After series of TLE, I finally solved this problem by DP combining with bitmask.
We can view each bitmask as a set of "used" sticks (bit = 1 is used, 0 is not). So, bitmask "10011" means a subset of sticks {sticks[0], sticks[1], sticks[4]}.
Here comes the meaty DP part: for each bitmask B, we store:
1. value[B] : which is the sum of used sticks' length in B.
2. dp[B] : the max number of "edges" that B can achieve as part of a square. Each edge is formed by a set of sticks, with sum equals to square's side length. edge (= sum(sticks) / 4).

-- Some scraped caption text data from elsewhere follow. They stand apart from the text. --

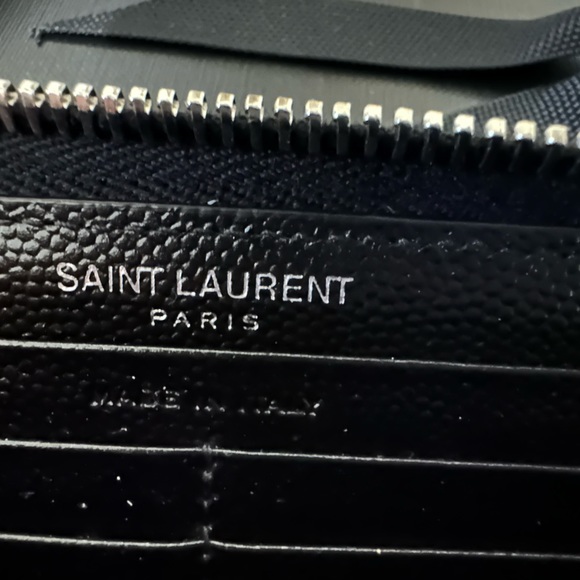 YSL Saint Laurent Cassandre Matelasse Zip Around Long Wallet - Picture 8 of 14
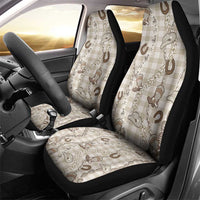 Hawaii Palaka Cowboy Car Seat Cover Shell Maile Lei With Western Patterns DT05 - Polynesian Pride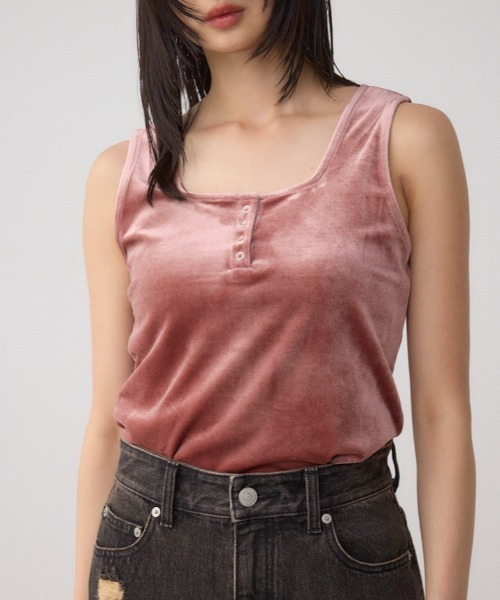 セール】ベロアタンクトップ（タンクトップ）｜AZUL BY MOUSSY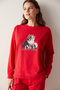 Love Red Pants Pajama Set - 3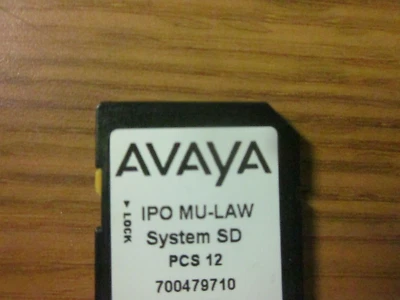 AVAYA IPO MU-LAW PCS12 SYSTEM SD Card Avaya IP 500 V2 700479710 - Image 1 of 3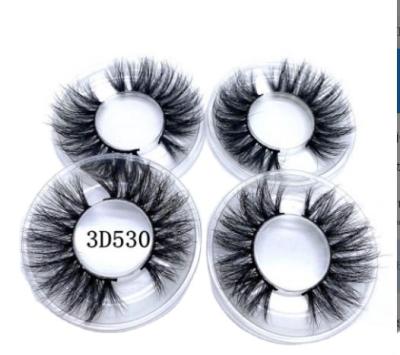 China Long Soft Natural Mink Lashes 25mm Real Siberian Mink Lashes for sale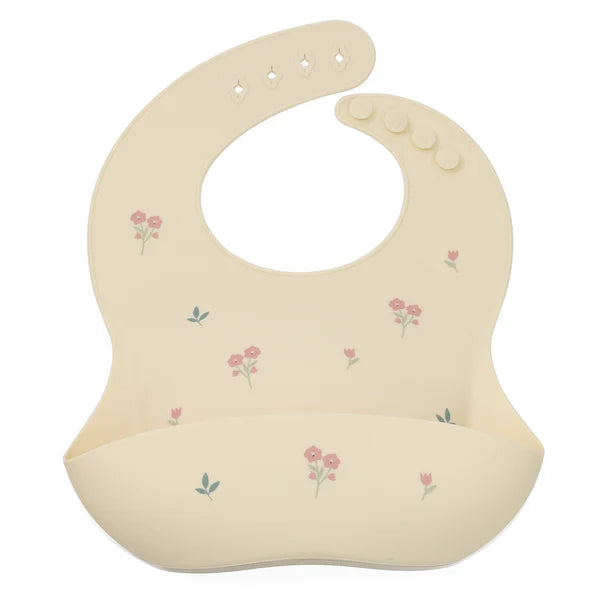 Noüka  Pattern Silicone Bib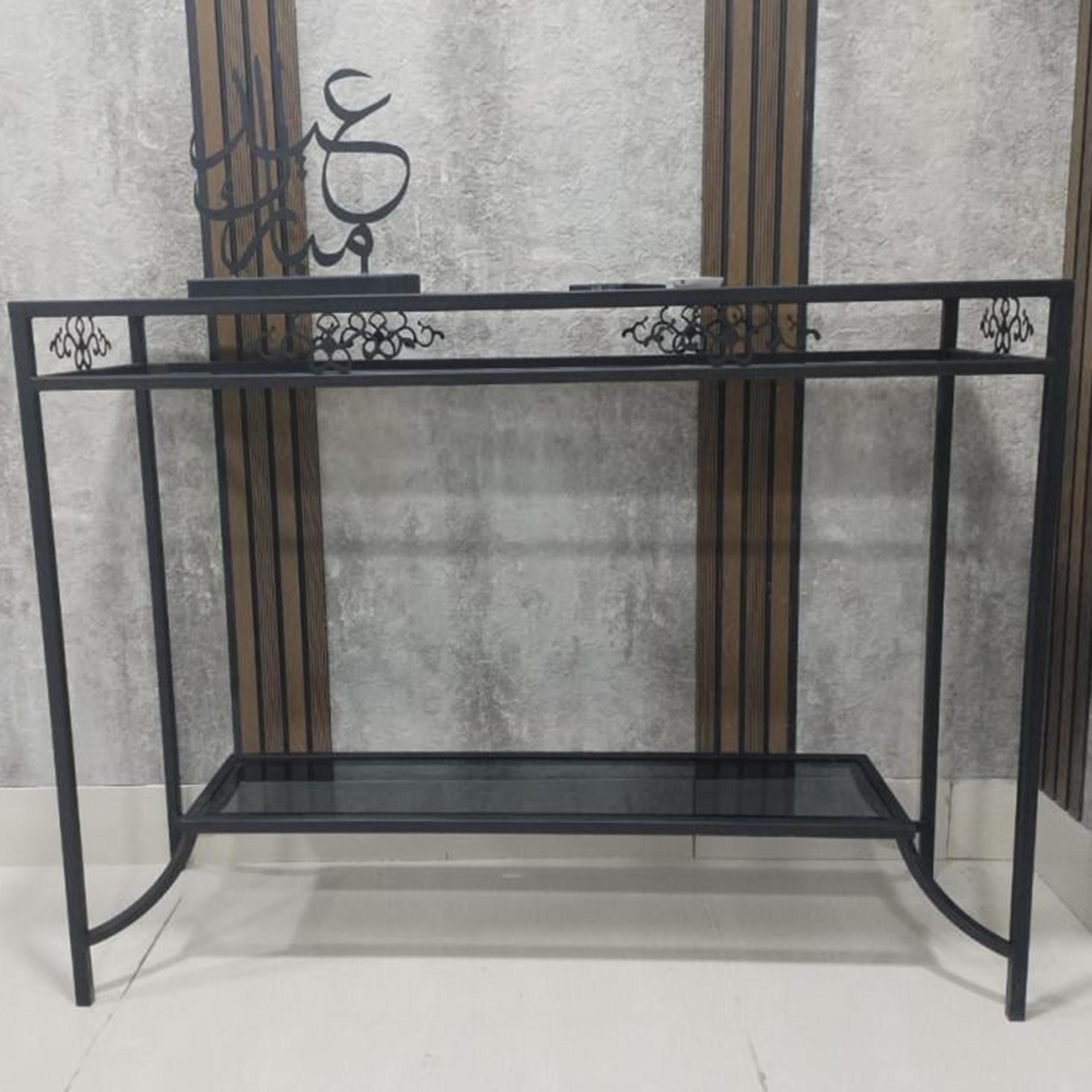 Glass Top Console Table-furniture-livingroom-consoletablesandmirrors-image-3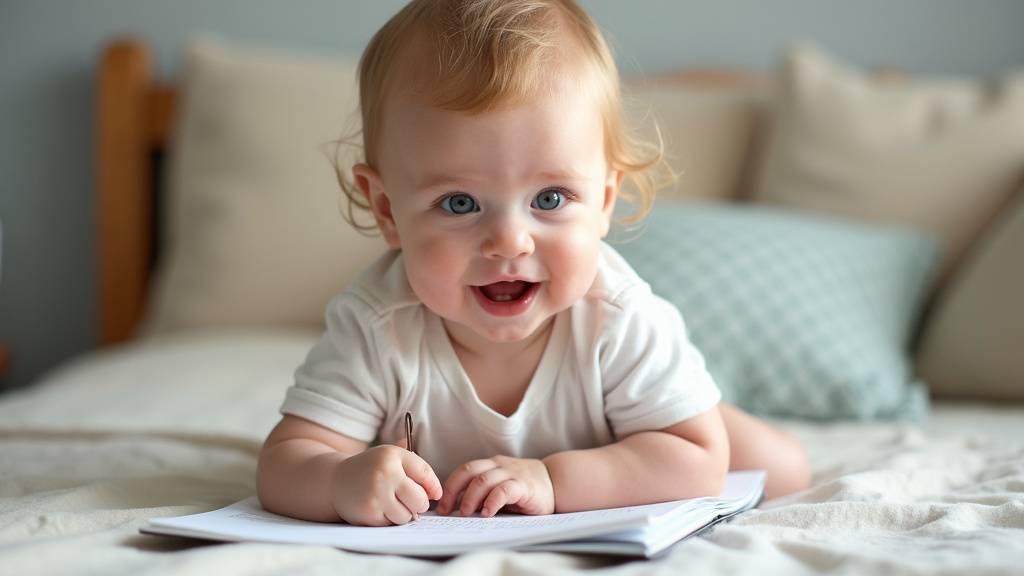Enfant heureux qui joue et apprend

Let's use an example to see the meaning dp[]. Say sum(sticks) = 20, so
edge = 5. For a bitmask B meaning sticks with length {2, 3, 4, 5, 6}, we can group into 2 edges: {2,3} and {5}, with 4 and 6 remaining not grouped. We name the sum of such ungrouped sticks "residue". In this example, the residue is 10 (4 + 6).

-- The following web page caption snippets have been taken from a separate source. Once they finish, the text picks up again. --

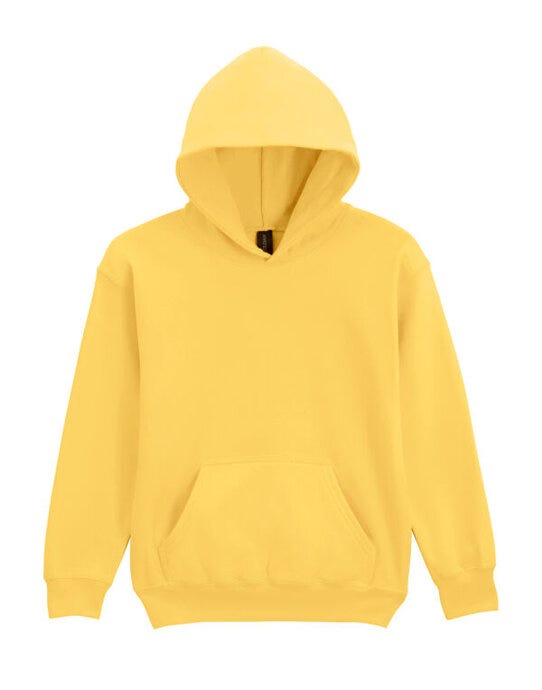 Gildan Softstyle Midw Fleece Youth Hoody - Daisy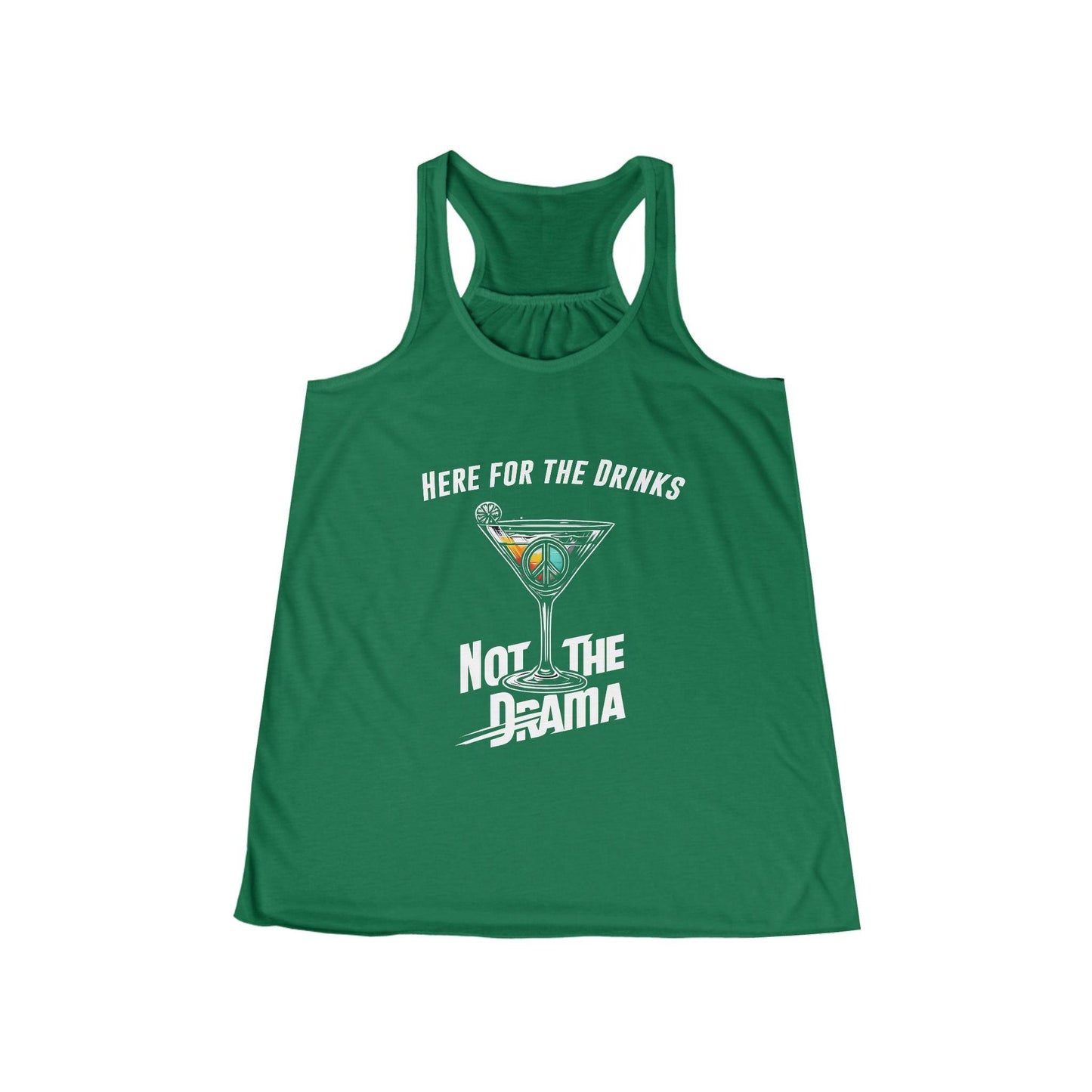 No Drama Womens Flowy Racer Back Tank Top Country in My Heart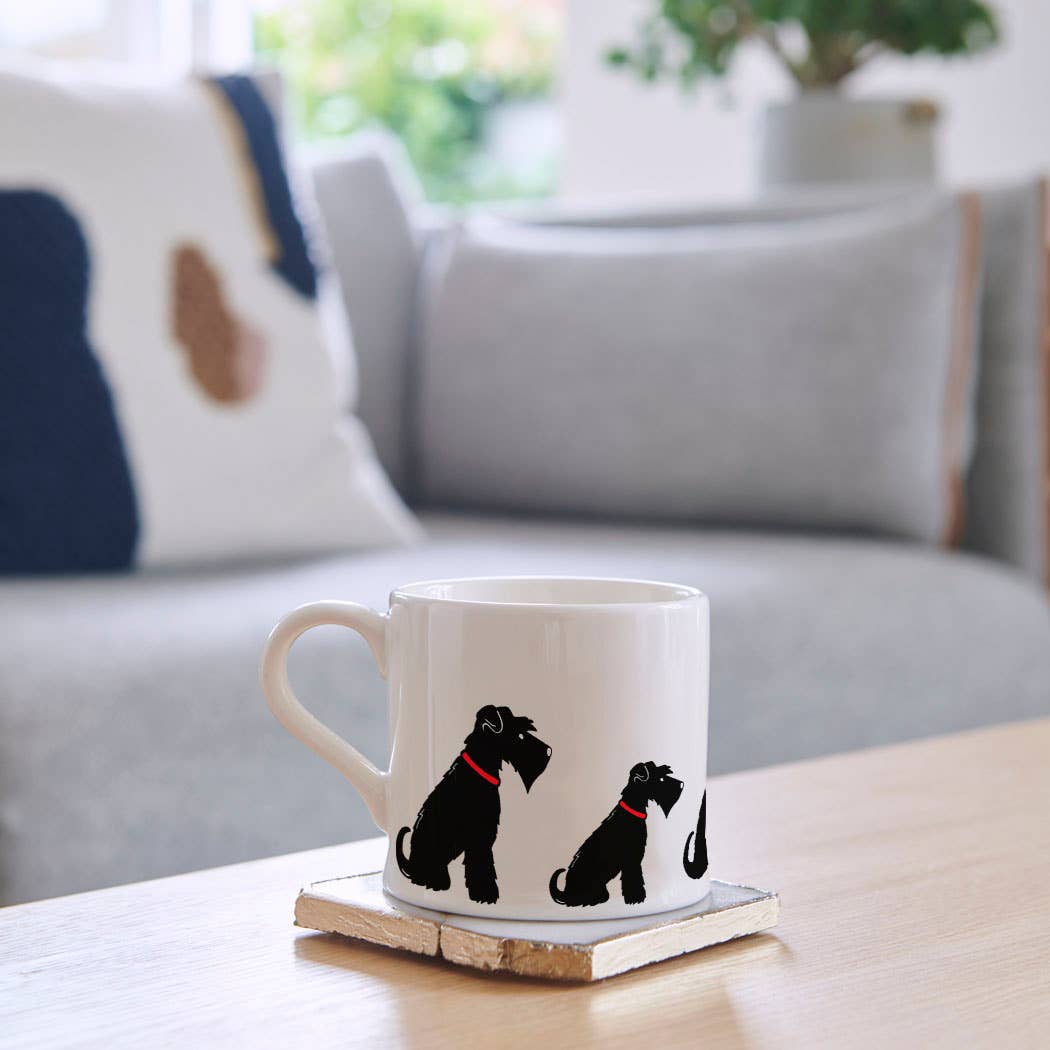 Sweet William Designs – wholesale Coffee mug – Mischievous Mutts Dog Mug - Schnauzer (Black)2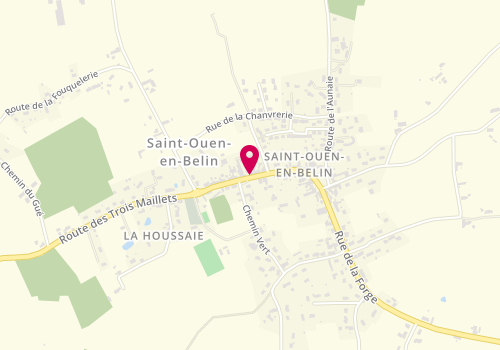 Plan de Centre de loisirs - Accueil de Loisirs - Saint Ouen en Belin, 24 Rue Saint Mamert, 72220 Saint-Ouen-en-Belin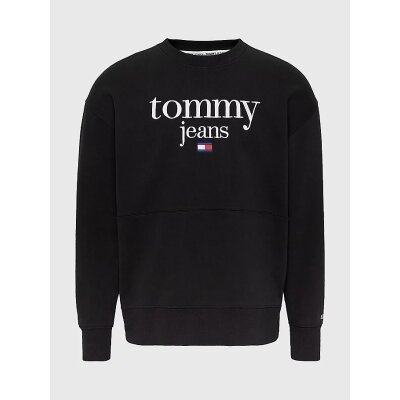 Ανδρική Φούτερ TOMMY JEANS DM0DM15029 REG MODERN CORP LOGO CREW Μαύρο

You can observe that when a residue of B > edge, it is possible to form a square starting from B by adding more sticks.
If we flip any bit which is '1' in B to '0', we will get another bitmask B'. A bitmaks B could have multiple such flipped bitmask, as the number of '1' in B. Lets called all this flipped bitmasks "child-bitmask". The index of flipped bit is "flipped-bit" fb', it connects to a stick[fb']
The main idea of DP solution is, for every B, we try all its child bitmask B', to see what is the best dp[B] we can get by adding stick[fb']. This will needs to refer dp[B'] and residue[B'], lets list different cases:
Do this for all B' of B:
1. residue[B'] > edge :
There is no way to construct a square by adding sticks in B', Prune it!

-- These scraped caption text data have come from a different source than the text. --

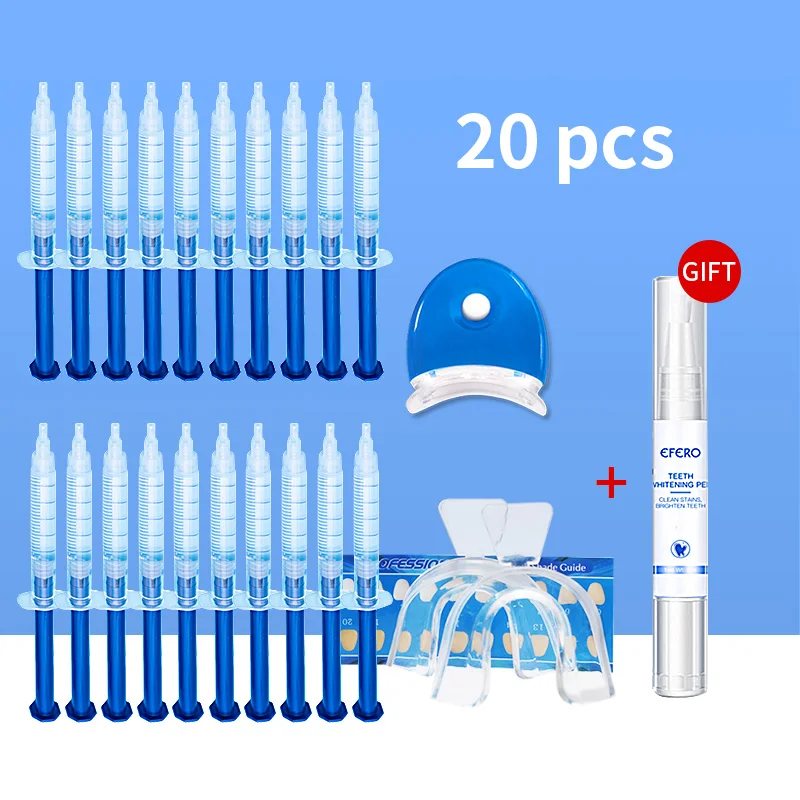 

Набор для отбеливания зубов и гигиены полости рта, с 44% пероксидами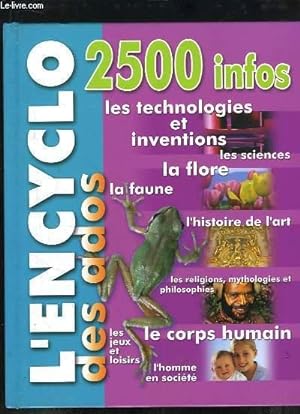 Image du vendeur pour L'Encyclo des Ados. mis en vente par Le-Livre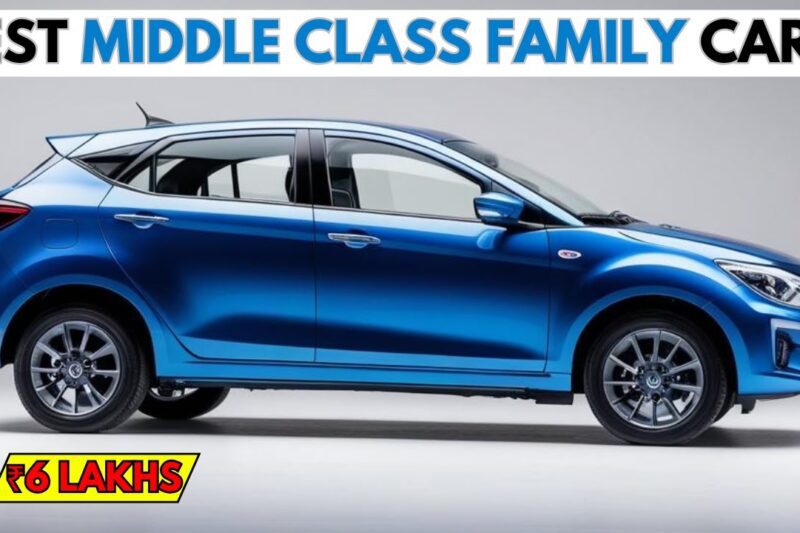 Top 6 Best Middle Class Family Cars in India 2025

2. If residue[B'] == edge :
This never happens (think about it!)
3. If residue[B'] < edge :
use temp variables new_dp, new_res
There could another three possibilities:
a. residue[B'] + stick[fb'] < edge:
new_dp = dp[B'], new_res = residue[B'] + stick[fb']
b. residue[B'] + stick[fb'] == edge:
new_dp = dp[B'] + 1, new_res = 0
c. residue[B'] + stick[fb'] > edge:
Same as 1. Prune it!
Finally, pick the max new_dp in B' for dp[B], and use the corresponding new_res in residue[B].
In implementation, we can scan the DP array for all B by nature ordering (0000, 0001, 0010, ...1111), since every child bitmask B' will be encountered before its parent B. (think about it!)
In order to get AC, some optimization tips:
1. We only need to try half of all bitmask -- we can always assume stick[m - 1] is not used, because of symmetry (think about it!)
2. Don't precompute for whole bitmask -- this prohibits any potential pruning, and will get you TLE.